A Entidade Reguladora de Saúde quer agora medidas concretas que garantam o acompanhamento dos utentes, para isso emitiu “uma instrução ao Centro Hospitalar de Entre o Douro e Vouga”.

Entre outros pontos a instrução frisa que o CHEDV deve “evitar a permanência no Serviço de Urgência (SU) de doentes com indicação clara de internamento” e implemente “procedimentos que assegurem que, durante a permanência no SU, os utentes sejam devidamente monitorizados e acompanhados”.

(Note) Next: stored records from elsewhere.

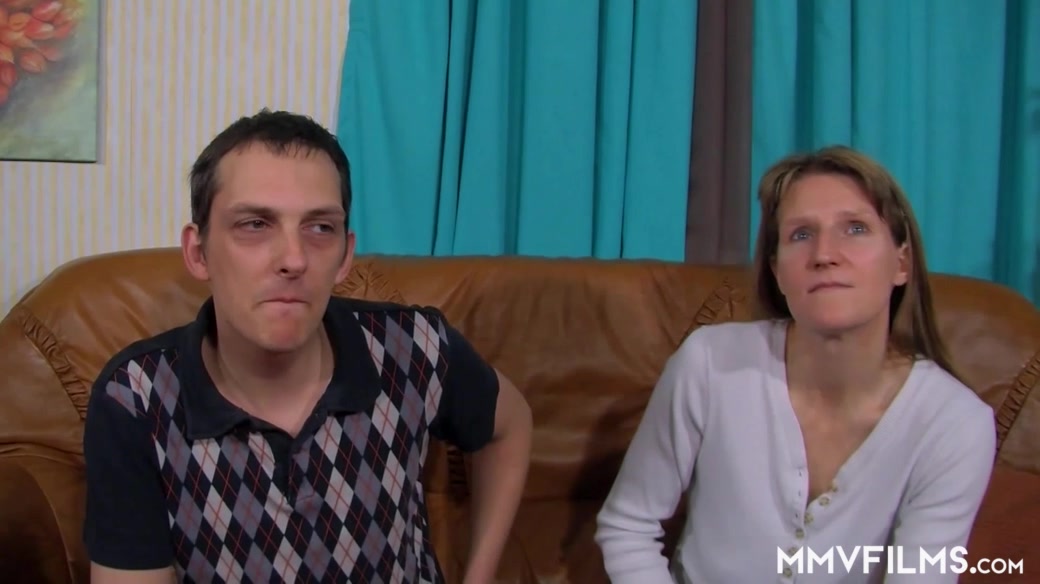 Real Amateur German Couple Homemade Sex Video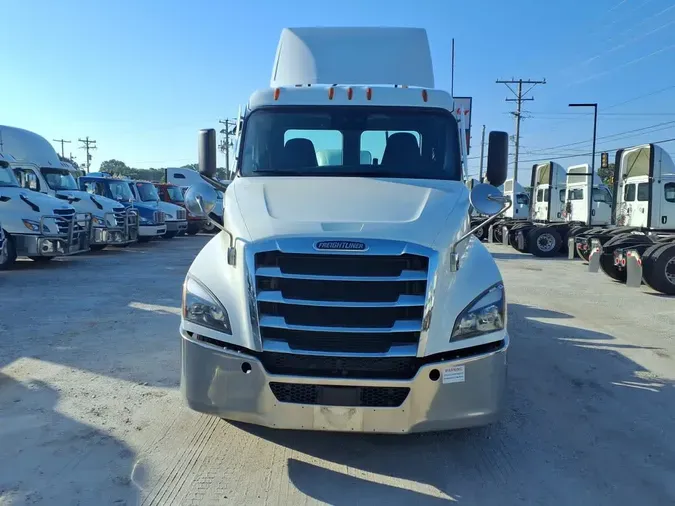 2021 FREIGHTLINER/MERCEDES NEW CASCADIA PX12664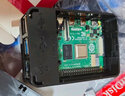 CreateBlock 樹莓派4B 開發(fā)板Raspberry Pi 4代 B型 linux 基礎(chǔ)套餐 pi 4B/2G(現(xiàn)貨) 曬單實拍圖
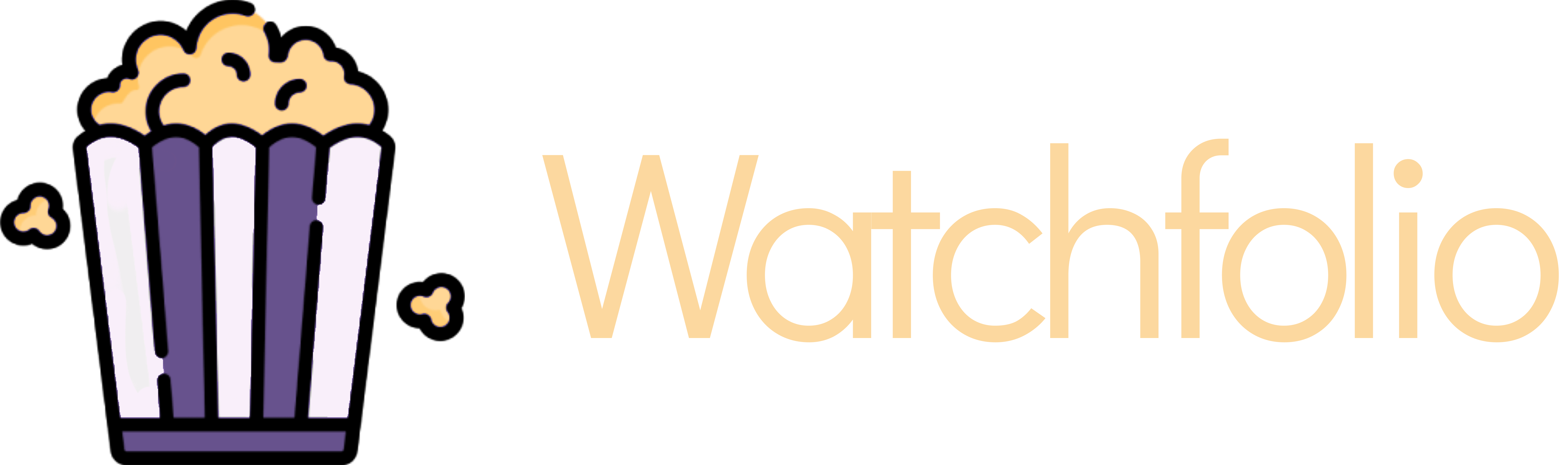 Watchfolio Logo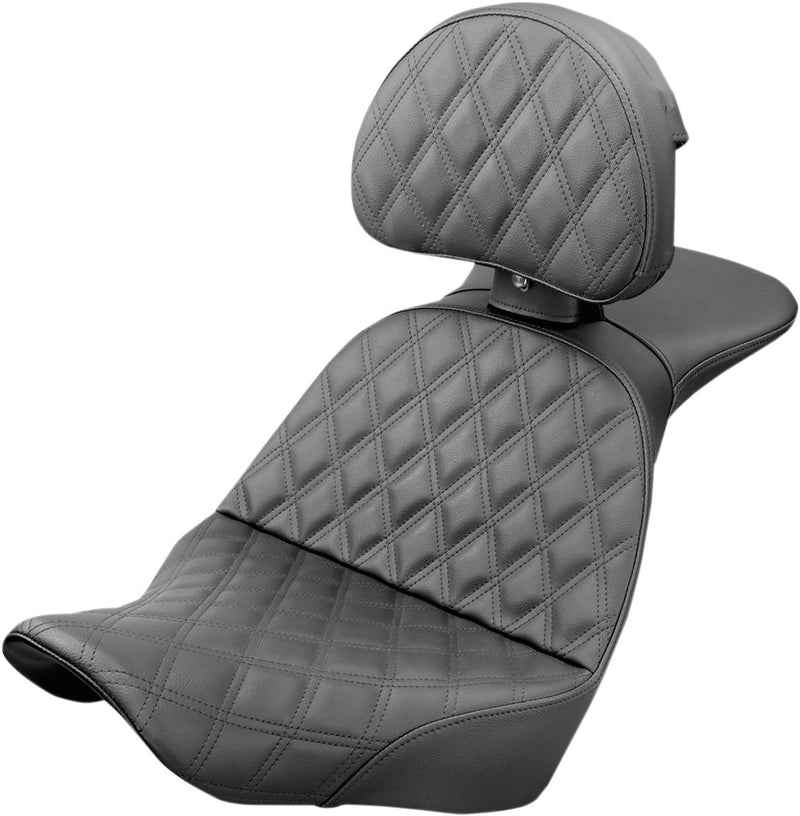 Saddlemen Explorer LS  Seat #818-29-030LS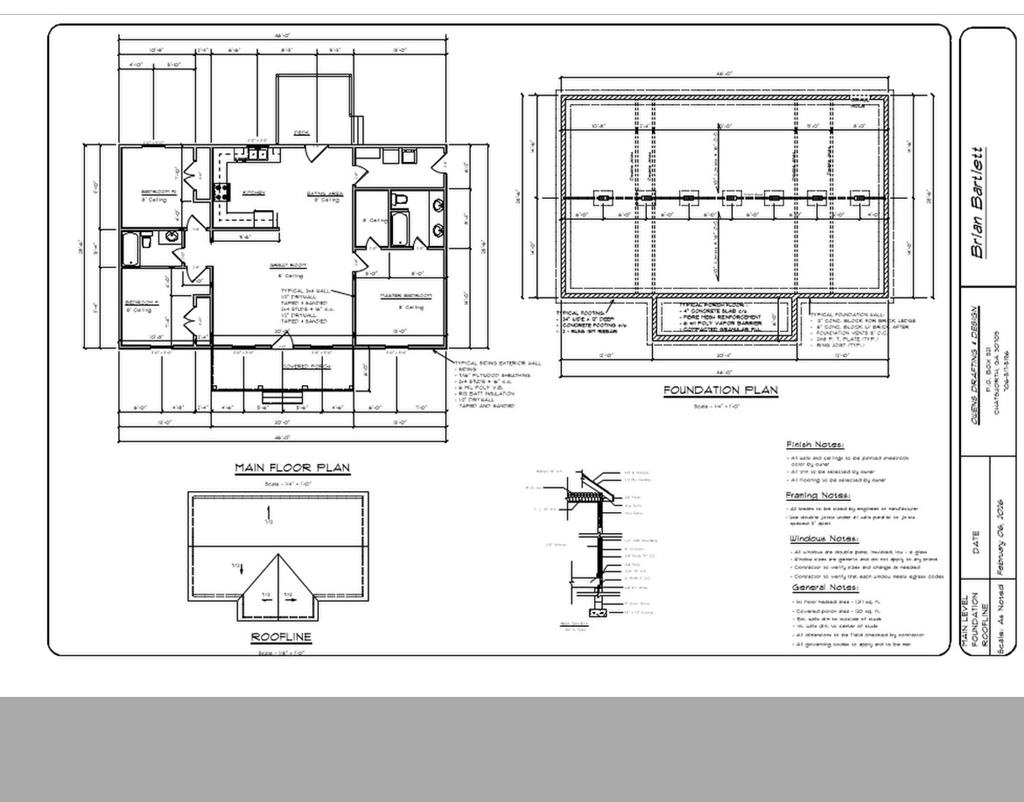 87 Broad Street tract 5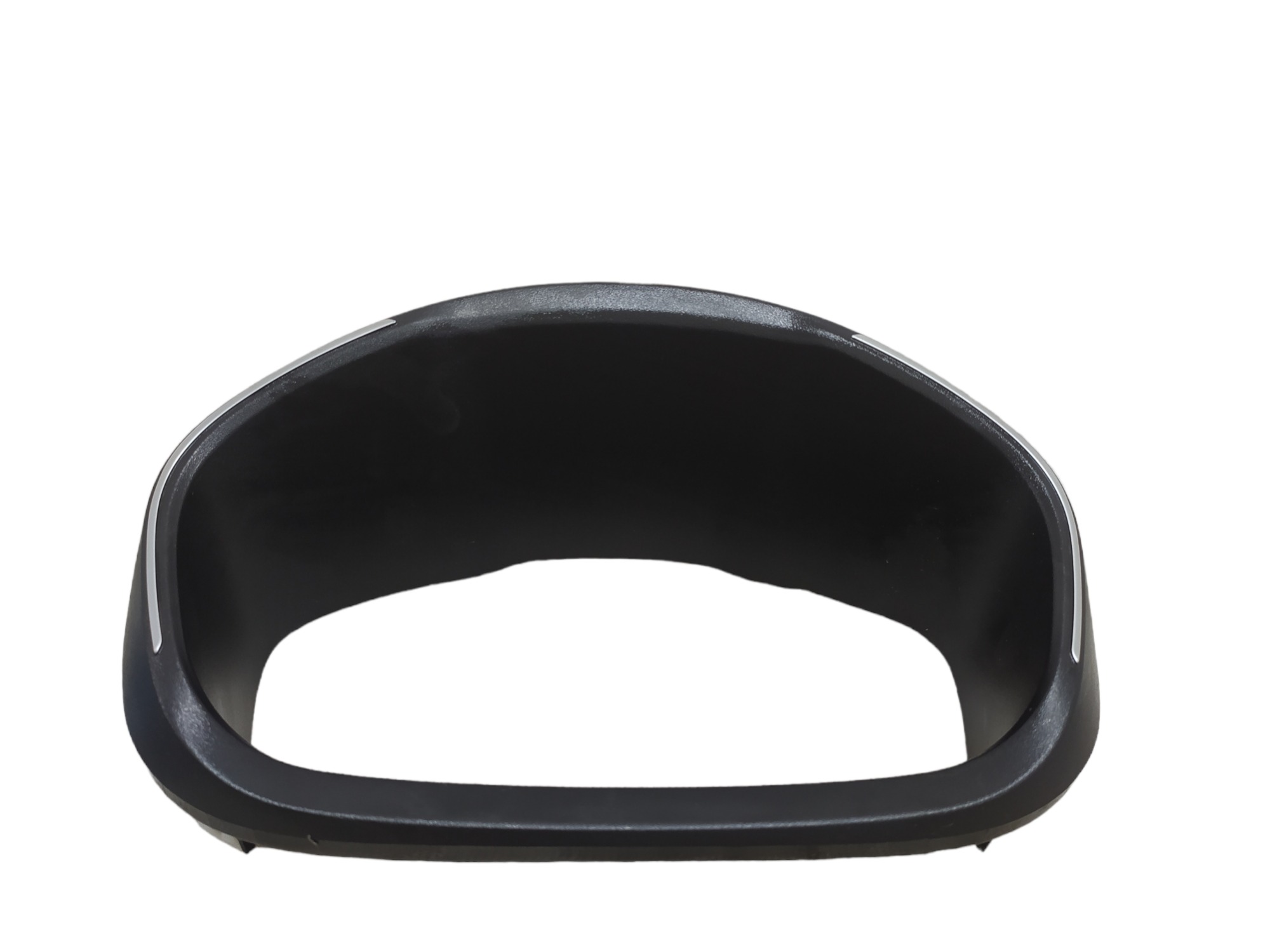 Moldura Painel De Instrumentos Renault Kwid 2019 V78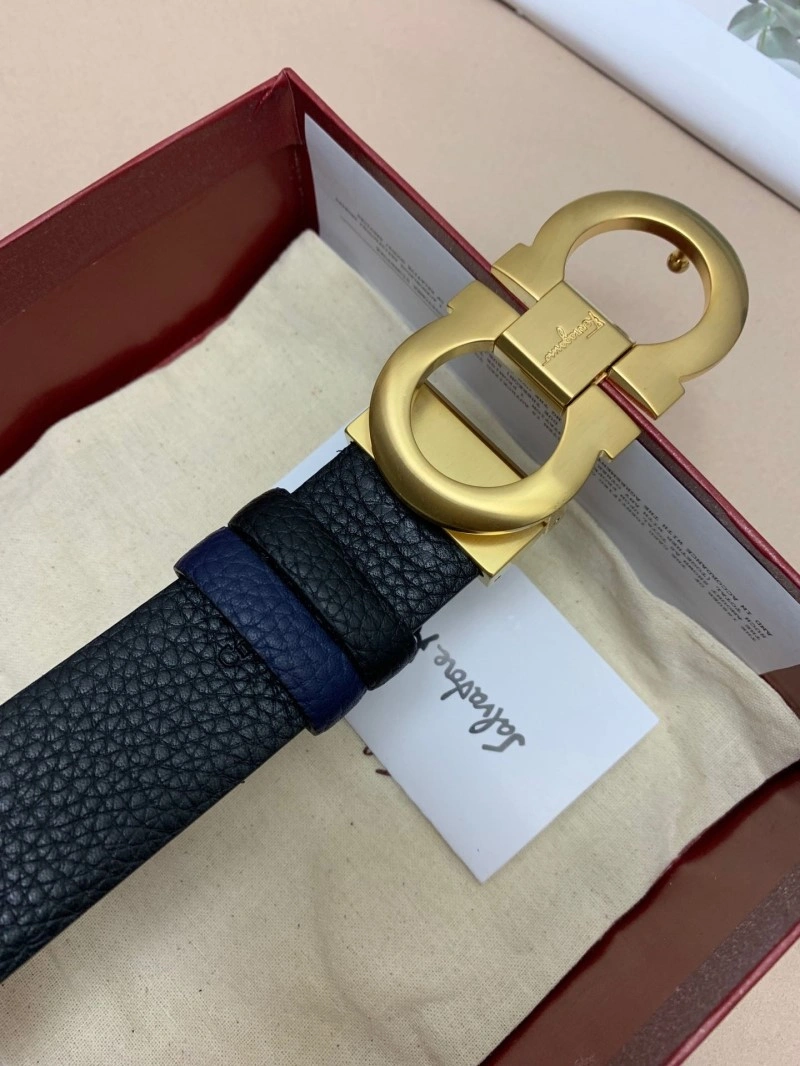 FlexibleFit Ferragamo Belts 286832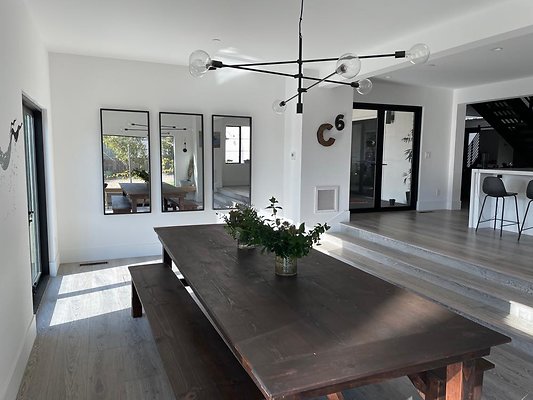 Interiors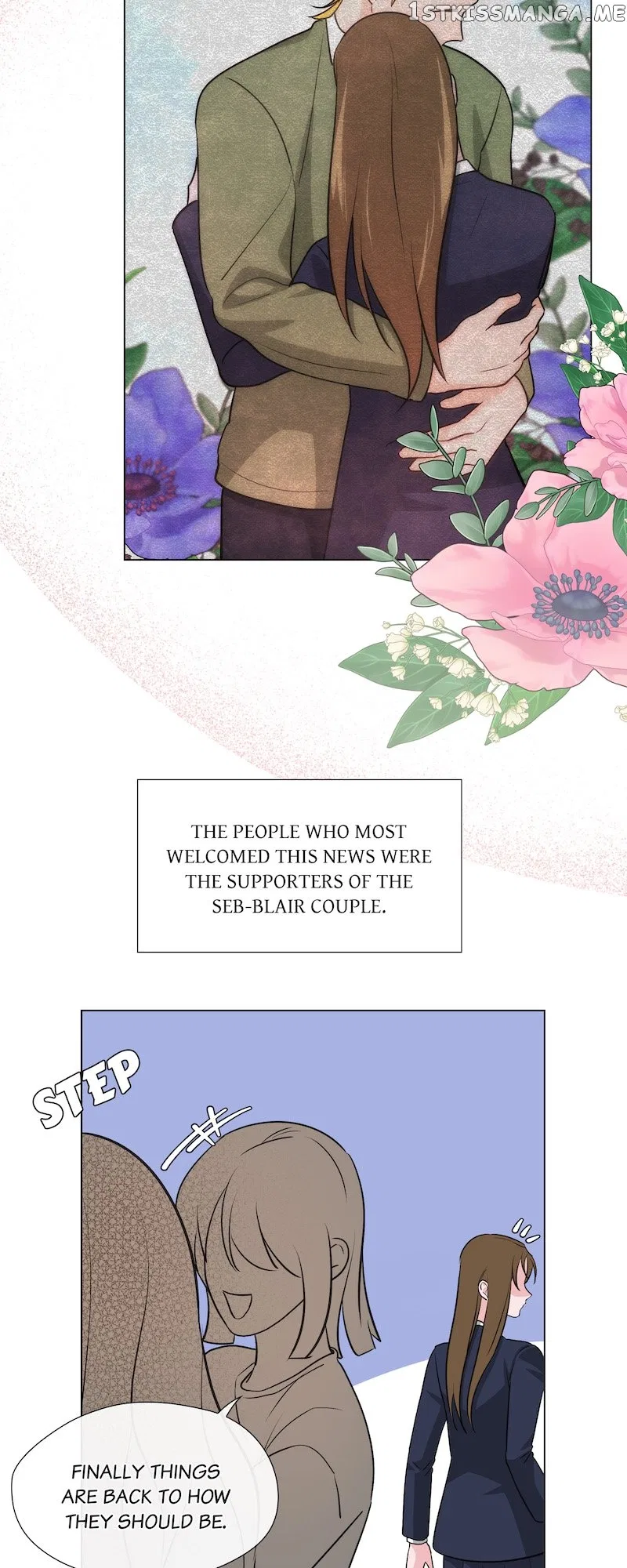 Once Upon a One Night Mistake Chapter 33 – Page 30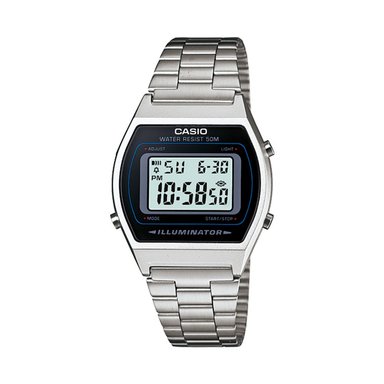 RELOJ CASIO HOMBRE DIGITAL B640WD-1AV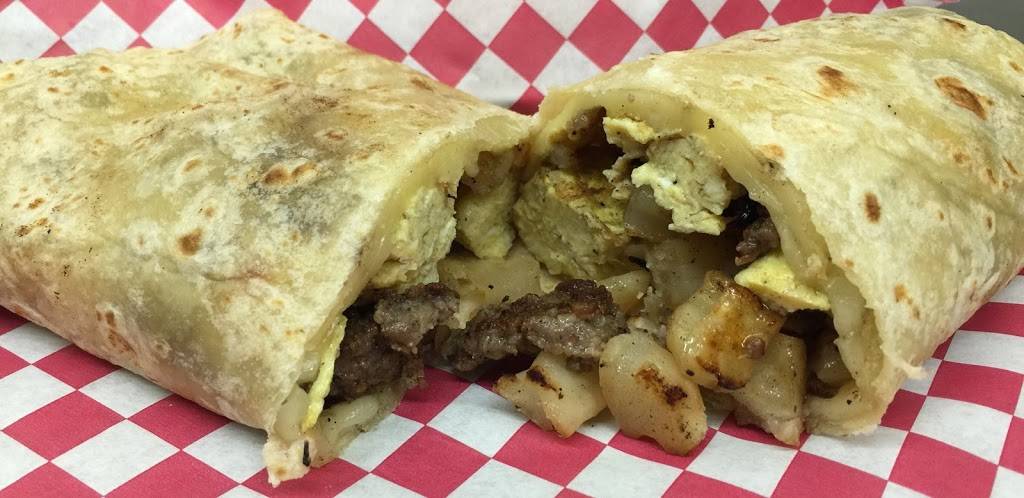 Bartels Chuckwagon | restaurant | 2655 Everett Freeman Way, Corning, CA 96021, USA | 5307369393 OR +1 530-736-9393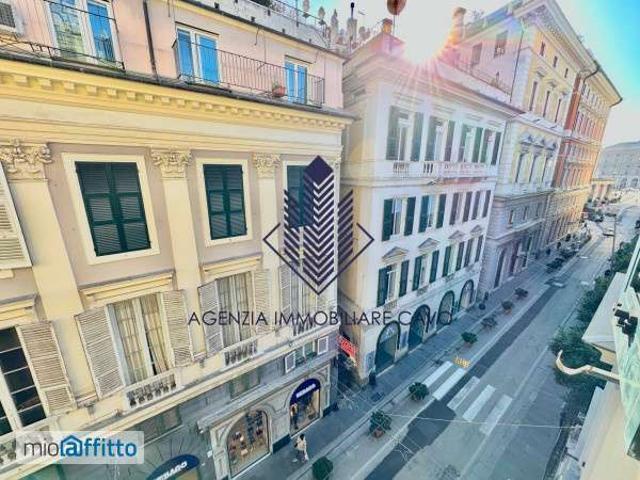 Appartamento arredato Centro centro città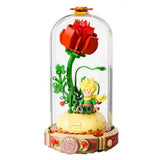 Pantasy | Le Petit Prince | Glass Case Series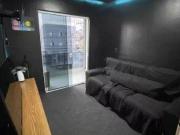 Sobrado com 3 dormitórios à venda, 120 m² por R$...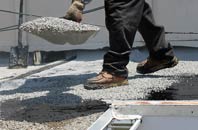 find rated Biddulph flat roofing replacement companies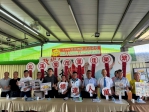 「三大心聲、五大希望」萬人公民聯署逹標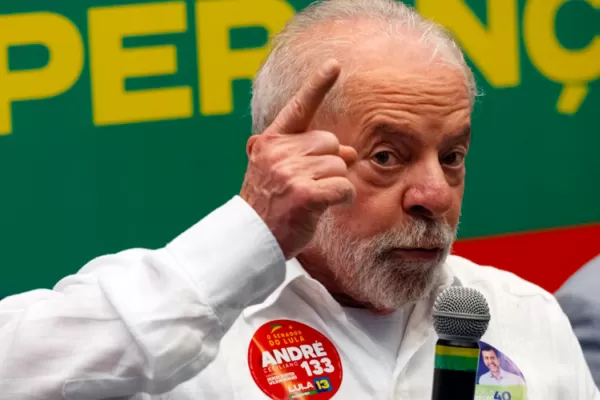 Brasil: Lula esquivó el tema del aborto, y dijo que es competencia del Congreso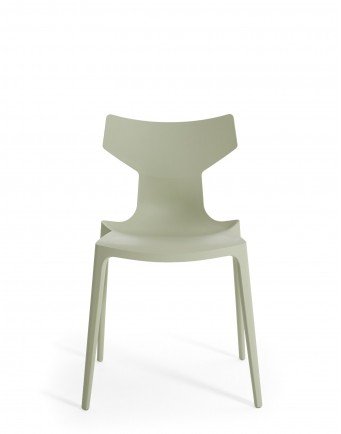 Стул Re-Chair (зеленый)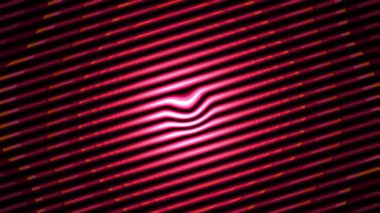 Geometrik desenli soyut arkaplan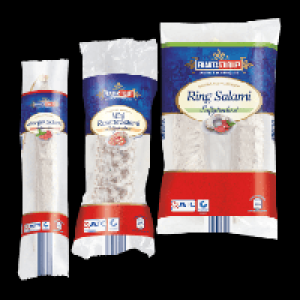 Salami 2.99 €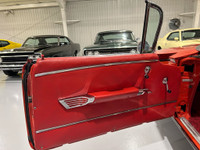 Launched for 1958, the Impala first signified Chevrolet’s glamorous new 2-door hardtop model. Follow... (image 7)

Na conclusão apresentada no relatório, o Conselho de Administração da Entidade Reguladora da Saúde, sugere ainda que se apure “as responsabilidades concretas dos profissionais envolvidos”, nomeadamente através da Ordem dos Médicos e do Ministério Público. E enumera as responsabilidades que considera mais pertinentes: “(1) de quem autorizou a transferência da utente do CHVNGE para o CHDEV, tendo prévio conhecimento da inexistência de quarto disponível; (2) de quem negligenciou os cuidados adequados à situação clínica da utente M.S., permitindo que a mesma ficasse sem qualquer vigilância/monitorização durante longos períodos de tempo e (3) de quem negligenciou a prestação de cuidados de limpeza da cânula interna de traqueostomia, o que provocou o seu entupimento (entupimento do tubo de respiração), a paragem cardiorrespiratória da utente M.S. e subsequente falecimento da mesma”. 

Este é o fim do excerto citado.